Under the Mighty Hood of TheHive 4

We have been speaking about it for almost two years. We have been making it for more than twelve months. And the day (or rather the month in this case) has almost come for TheHive 4, our latest and greatest version, to be unleashed.

While the first release candidate should be published by the end of this month, we would like to cover some of the most important changes we introduced in a platform which we rewrote almost from the ground up (40,000 lines of Scala code and counting), while keeping the familiar look&feel our longtime users came to expect.In a previous blog post, we covered TheHiveFS, a nifty feature of TheHive4 that allows you to quickly access all files stored in TheHive directly from your investigation machine. It’s time now to get a look under the hood of THeHive 4.

My Time is Precious. TL;DR Please

A picture is worth a thousand words, right? Here you go then!

The Hive 4’s Brand New Architecture

I am Puzzled, can you Elaborate a Bit?

So, you are not in a hurry anymore? Fine. Here, grab a seat, a glass of Gevrey-Chambertin and tasty Burgundy snails. All set? Let’s start then!

TheHive 4 will be the first version to use a graph database instead of Elasticsearch. Yes, you read that correctly. TheHive 4 won’t support Elasticsearch anymore but fear not fearless cyberdefender. Your friendly bees will not leave you hanging. If you are already using TheHive 3.4.x, we will provide a migration tool that will move your existing data to the new storage system (with no losses or bit flips hopefully).

We haven’t decided to ditch Elasticsearch on a whim or because Thomas (Franco, not Chopitea nor the General) dropped his leftist hipster attitude for a tight, tailor-made dictator uniform straight out of Spain. For all its greatness, ES has some annoying limitations which prevented us from adding, in an elegant, haiku-like way important features such as multi-tenancy, RBAC and large file management, while laying the ground for the future (stop being curious, the future has not been invented yet and when we do invent it, we’ll let you know).

Using JanusGraph, TheHive 4 structures information in graphs and stores them in an Apache Cassandra database. All the files that you attach to task logs or add as observables are stored in a Hadoop Distributed File System (HDFS).

Thanks to this brand new architecture, TheHive 4 is horizontally scalable. You can add as many TheHive, Cassandra and HDFS nodes to your Security Incident Response Platform cluster and sustain whatever load you might be facing without a sweat. Who said FOSS can’t be ‘enterprise grade’ (whatever that means in marketing lingo)?
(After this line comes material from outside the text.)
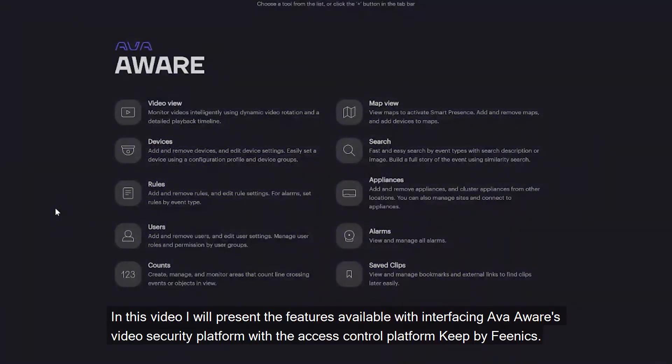In this video, I will present the features available when interfacing AvaAware's video platform with the access control platform Keep by Phoenix.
Tour d’Horizon of the Main Features

TheHive 4, boosted by all the passion and skills of Zen Master Franco and MC Adouani, will support, in addition to TheHiveFS:

  • Multi-tenancy
  • RBAC
  • 2FA
  • Web configuration
  • API versioning

We will cover some of these features in greater detail in future instalments. In the meantime, let’s take a ride in a helicopter and view the wonderful landscape laying before us from above. After you Messieurs-Dames, we are French gentlemen and gallantry is of the essence (except when we use the public transportation in Paris, then savages we become).

Multi-Tenancy

As in Cortex, you will be able to create multiple organisations within a single instance of TheHive 4. In addition, an organisation can decide to share a case or parts of it (say a task, some observables, etc.) with other organisations. That way, a peer organisation or a constituent can contribute to the investigation at hand, provide essential information, etc.

RBAC

TheHive 4 supports a large set of user permissions. Some pertain to administrators, others to users and there are also permissions that apply to connectors. For example, users can manage tasks but not observables. They can have the power to share a case or part of it with sister organisations and execute Cortex analyzers but not responders.

You will be able to create roles for users, and, at the organisational level, what we call shares. RBAC deserves its own blog post and we’ll get to it pretty soon.

2FA

Do you really want us to describe this one? Before you answer yes, we’d like to remind you that you are in a helicopter. Just sayin’.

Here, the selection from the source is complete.